The current study investigated the structural and biological properties of hydroxyapatite doped with low concentrations of zinc (0.01< xZn < 0.05). The results presented in this study indicate that the Zn2+ ions are incorporated into the hydroxyapatite lattice and the structure of the final Zn:HAp is similar to hexagonal HAp. The XRD investigations showed the formation of a hexagonal phase with lattice parameters that are characteristic to hydroxyapatite. The incorporation of Zn2+ ions in the HAp structure conducted to a decrease of the crystallinity of the samples when the zinc concentration increased. The FTIR analysis revealed that the characteristic bands are assigned to vibrational modes of phosphate, carbonate and hydroxyl groups. On the other hand, the FTIR analysis showed that the water content increased when the zinc concentration increased. Moreover, SEM and XRD investigations showed a decrease of the particle size when the concentration of zinc increased.

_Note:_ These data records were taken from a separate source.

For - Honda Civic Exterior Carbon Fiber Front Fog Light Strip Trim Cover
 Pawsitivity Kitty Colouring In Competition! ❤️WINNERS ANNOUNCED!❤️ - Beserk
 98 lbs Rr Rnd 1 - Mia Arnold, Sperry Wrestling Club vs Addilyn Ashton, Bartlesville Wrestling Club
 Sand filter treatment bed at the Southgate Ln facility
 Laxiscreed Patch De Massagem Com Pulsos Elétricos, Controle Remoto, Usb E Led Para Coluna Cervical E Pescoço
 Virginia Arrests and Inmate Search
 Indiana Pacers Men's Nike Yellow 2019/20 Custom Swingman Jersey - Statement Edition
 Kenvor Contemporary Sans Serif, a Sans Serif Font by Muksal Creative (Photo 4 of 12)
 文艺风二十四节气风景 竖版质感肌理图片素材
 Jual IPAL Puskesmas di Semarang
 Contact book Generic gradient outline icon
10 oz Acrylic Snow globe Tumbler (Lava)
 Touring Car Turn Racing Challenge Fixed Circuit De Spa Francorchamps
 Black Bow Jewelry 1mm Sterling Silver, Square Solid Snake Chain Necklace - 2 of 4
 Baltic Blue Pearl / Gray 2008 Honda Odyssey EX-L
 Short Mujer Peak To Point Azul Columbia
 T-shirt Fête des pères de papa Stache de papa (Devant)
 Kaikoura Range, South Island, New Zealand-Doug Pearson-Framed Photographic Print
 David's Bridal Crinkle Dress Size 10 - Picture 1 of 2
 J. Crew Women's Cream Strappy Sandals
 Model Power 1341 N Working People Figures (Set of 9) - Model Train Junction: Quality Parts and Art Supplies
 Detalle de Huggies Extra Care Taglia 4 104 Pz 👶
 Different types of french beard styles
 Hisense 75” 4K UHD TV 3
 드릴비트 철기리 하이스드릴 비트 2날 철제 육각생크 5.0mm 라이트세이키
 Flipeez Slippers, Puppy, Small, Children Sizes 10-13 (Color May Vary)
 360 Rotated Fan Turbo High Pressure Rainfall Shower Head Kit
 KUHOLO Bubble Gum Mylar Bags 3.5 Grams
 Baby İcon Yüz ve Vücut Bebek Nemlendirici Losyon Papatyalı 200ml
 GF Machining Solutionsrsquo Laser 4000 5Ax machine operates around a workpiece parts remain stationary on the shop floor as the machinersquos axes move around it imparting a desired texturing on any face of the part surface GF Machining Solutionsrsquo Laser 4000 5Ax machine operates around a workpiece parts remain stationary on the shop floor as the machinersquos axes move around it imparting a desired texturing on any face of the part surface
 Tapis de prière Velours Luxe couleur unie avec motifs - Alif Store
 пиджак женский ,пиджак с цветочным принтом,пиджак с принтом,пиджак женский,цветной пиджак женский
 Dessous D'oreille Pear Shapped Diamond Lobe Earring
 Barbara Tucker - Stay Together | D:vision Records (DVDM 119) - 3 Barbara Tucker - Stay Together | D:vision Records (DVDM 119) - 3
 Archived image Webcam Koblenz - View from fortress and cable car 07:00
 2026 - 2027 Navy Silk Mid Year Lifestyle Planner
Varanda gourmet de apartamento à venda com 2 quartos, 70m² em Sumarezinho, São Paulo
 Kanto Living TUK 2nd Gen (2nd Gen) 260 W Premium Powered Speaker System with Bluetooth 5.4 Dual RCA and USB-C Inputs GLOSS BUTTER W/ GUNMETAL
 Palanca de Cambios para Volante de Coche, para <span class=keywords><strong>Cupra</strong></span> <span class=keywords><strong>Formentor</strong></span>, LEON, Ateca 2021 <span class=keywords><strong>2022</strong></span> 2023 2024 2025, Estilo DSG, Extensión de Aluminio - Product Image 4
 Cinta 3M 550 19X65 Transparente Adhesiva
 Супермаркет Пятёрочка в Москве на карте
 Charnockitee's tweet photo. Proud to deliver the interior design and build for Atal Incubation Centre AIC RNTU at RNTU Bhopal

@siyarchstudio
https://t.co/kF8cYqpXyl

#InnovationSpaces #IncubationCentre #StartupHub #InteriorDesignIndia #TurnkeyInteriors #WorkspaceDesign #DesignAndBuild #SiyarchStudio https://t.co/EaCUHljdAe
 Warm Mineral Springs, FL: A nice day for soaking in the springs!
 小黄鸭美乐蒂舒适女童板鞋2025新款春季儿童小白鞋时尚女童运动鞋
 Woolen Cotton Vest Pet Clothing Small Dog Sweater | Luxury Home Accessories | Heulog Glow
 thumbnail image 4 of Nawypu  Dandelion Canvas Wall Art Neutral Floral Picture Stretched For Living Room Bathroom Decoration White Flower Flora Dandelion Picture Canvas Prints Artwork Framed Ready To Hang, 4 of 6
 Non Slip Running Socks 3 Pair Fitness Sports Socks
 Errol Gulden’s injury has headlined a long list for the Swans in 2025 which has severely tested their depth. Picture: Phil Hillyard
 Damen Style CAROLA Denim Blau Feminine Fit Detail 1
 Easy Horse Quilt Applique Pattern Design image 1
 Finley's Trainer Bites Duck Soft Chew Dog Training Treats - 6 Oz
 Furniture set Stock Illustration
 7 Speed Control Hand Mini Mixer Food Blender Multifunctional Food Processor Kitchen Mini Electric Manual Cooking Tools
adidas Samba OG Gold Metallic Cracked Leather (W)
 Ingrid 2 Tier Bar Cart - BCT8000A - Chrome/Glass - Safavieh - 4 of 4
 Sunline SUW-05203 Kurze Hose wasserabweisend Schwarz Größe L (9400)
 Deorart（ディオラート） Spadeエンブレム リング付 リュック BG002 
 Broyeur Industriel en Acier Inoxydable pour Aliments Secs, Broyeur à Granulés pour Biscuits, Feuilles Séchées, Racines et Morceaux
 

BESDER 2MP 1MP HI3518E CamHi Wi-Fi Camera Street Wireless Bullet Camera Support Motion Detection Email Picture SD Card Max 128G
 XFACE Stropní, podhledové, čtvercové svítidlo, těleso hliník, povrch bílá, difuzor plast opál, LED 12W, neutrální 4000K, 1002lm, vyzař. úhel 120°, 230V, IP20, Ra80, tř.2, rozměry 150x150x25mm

The cytotoxic effect of HAp on prokaryote and eukaryote cells was also investigated. We have demonstrated that the stability of the colloidal dispersions, zinc concentration, and synthesis method played an important role on cell viability. Besides, we have proven that the antimicrobial properties of HAp were also dependent on the type of microbial strain. We conclude that the Zn:HAp nanoparticles have the potential to be used in biomedical field. Our future work will be focused on studies for a better understanding of interaction between ZnHAp nanoparticles and cell membranes of Gram-negative and Gram-positive bacteria depending on the stability of the dispersions, zinc concentration and size.